__INPUT DATA__.
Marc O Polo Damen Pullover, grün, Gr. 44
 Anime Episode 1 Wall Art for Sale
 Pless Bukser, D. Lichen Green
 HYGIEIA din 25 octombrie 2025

__AIM OF THE TASK__. Copy out every line of the data above, exactly as given.

__ANSWER TO THIS TASK__.
Marc O Polo Damen Pullover, grün, Gr. 44
 Anime Episode 1 Wall Art for Sale
 Pless Bukser, D. Lichen Green
 HYGIEIA din 25 octombrie 2025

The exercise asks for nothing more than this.